* Task to carry out:
Within the records below, reproduce without change the lines from the line that has "Domuz Yağı Faydaları Nelerdir?" through the line that has "- Vascular diseases", and only those.

Records drawn from a dataset:
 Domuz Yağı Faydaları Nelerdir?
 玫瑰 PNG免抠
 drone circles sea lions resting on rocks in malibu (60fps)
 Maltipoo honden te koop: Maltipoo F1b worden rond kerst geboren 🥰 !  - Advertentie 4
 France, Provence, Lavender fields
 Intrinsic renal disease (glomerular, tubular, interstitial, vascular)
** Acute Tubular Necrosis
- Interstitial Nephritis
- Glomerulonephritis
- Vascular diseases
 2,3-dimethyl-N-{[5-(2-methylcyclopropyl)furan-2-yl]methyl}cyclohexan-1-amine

* * *

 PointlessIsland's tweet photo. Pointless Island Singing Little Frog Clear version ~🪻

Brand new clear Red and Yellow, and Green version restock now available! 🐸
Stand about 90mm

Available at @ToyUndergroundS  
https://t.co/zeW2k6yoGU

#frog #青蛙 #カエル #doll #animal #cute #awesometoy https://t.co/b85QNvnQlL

==

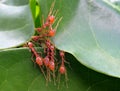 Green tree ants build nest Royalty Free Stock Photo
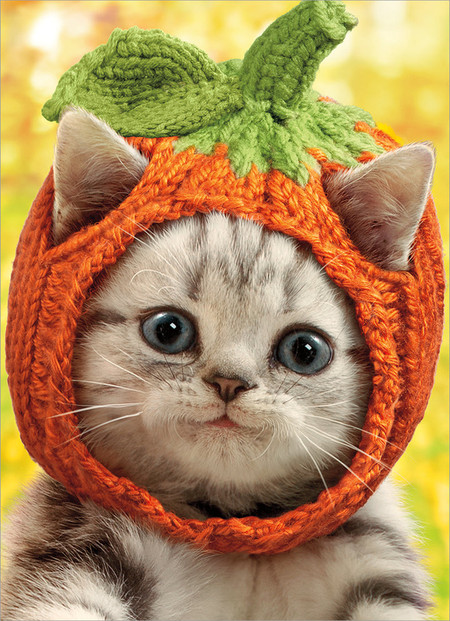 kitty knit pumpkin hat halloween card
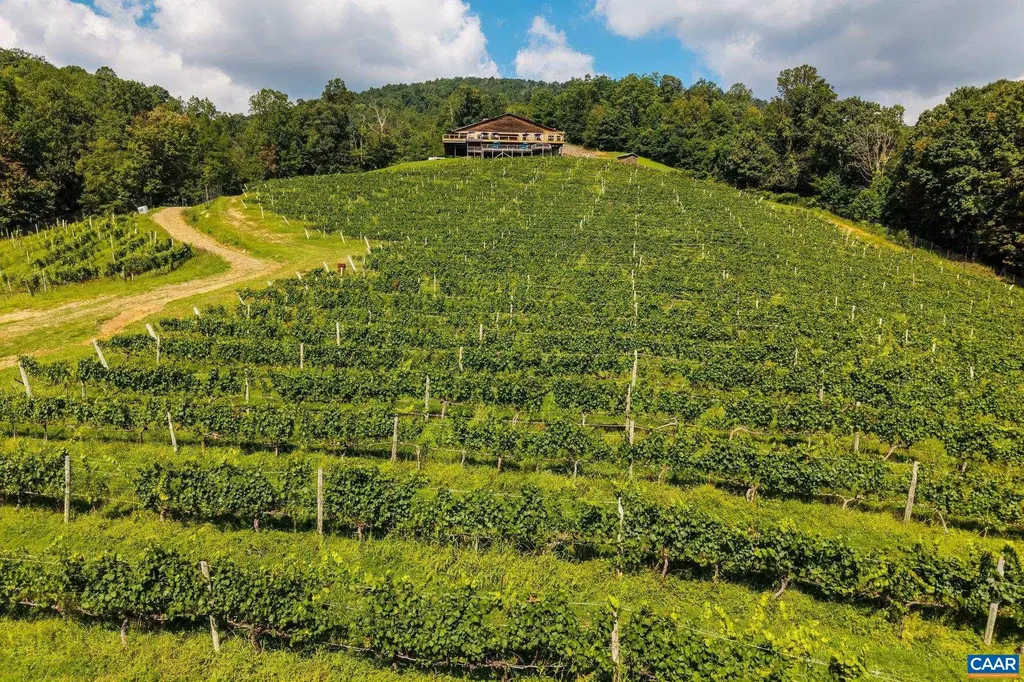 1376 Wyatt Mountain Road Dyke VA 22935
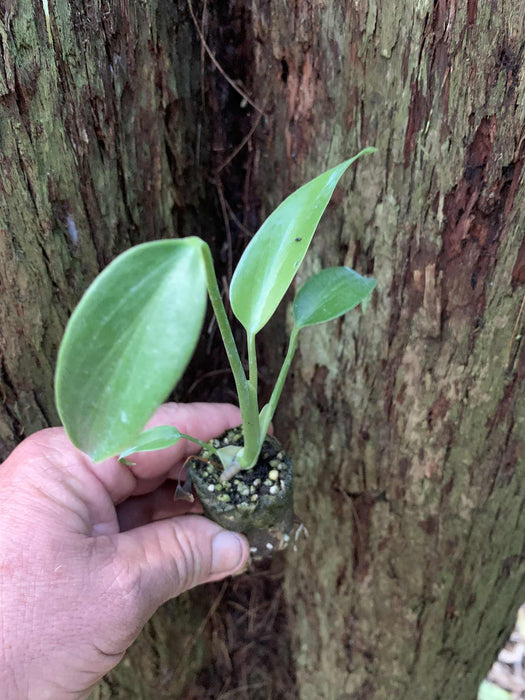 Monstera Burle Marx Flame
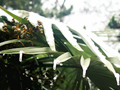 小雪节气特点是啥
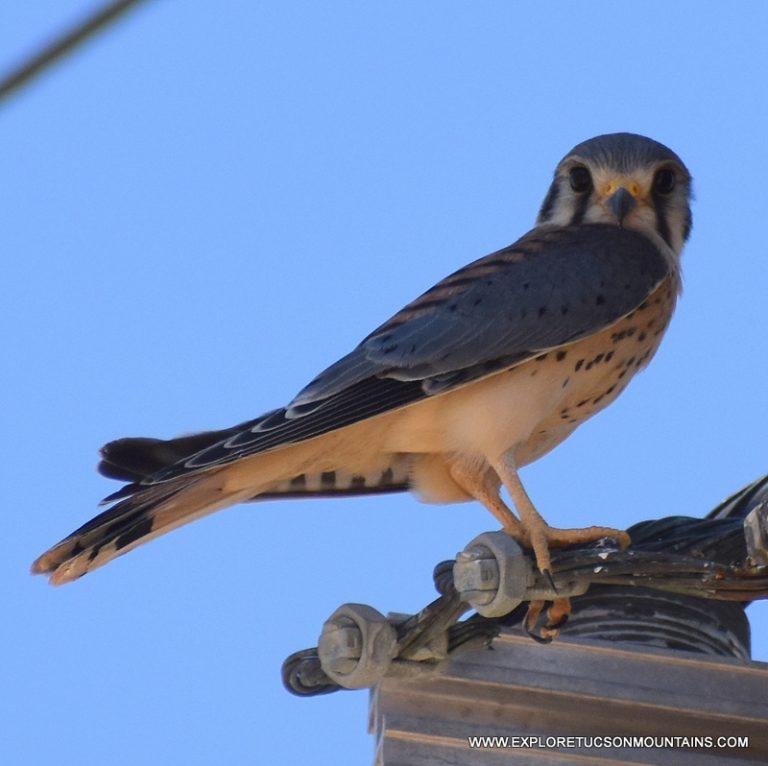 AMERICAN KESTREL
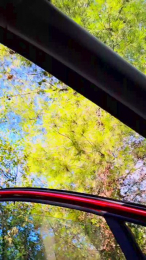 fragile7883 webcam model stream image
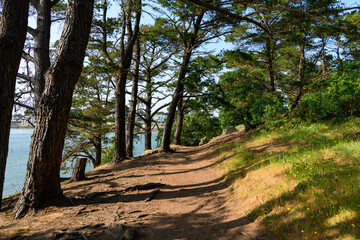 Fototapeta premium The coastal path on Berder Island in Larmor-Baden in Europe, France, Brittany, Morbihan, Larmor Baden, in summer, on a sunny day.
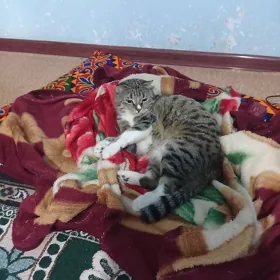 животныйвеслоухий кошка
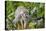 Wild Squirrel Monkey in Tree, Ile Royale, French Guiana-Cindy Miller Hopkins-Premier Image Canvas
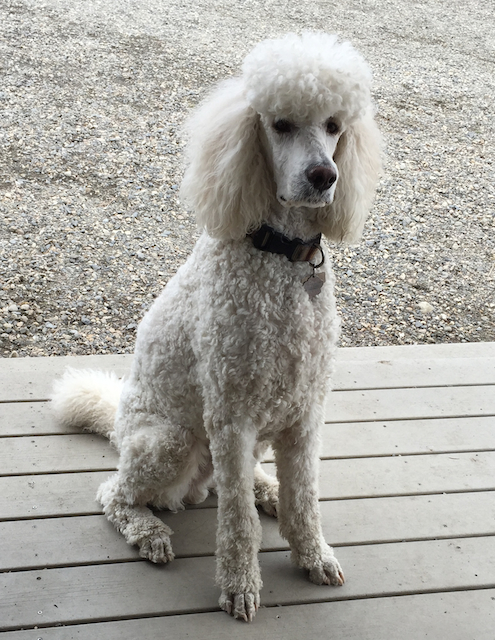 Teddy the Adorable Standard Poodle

* Task result:
 Domuz Yağı Faydaları Nelerdir?
 玫瑰 PNG免抠
 drone circles sea lions resting on rocks in malibu (60fps)
 Maltipoo honden te koop: Maltipoo F1b worden rond kerst geboren 🥰 !  - Advertentie 4
 France, Provence, Lavender fields
 Intrinsic renal disease (glomerular, tubular, interstitial, vascular)
** Acute Tubular Necrosis
- Interstitial Nephritis
- Glomerulonephritis
- Vascular diseases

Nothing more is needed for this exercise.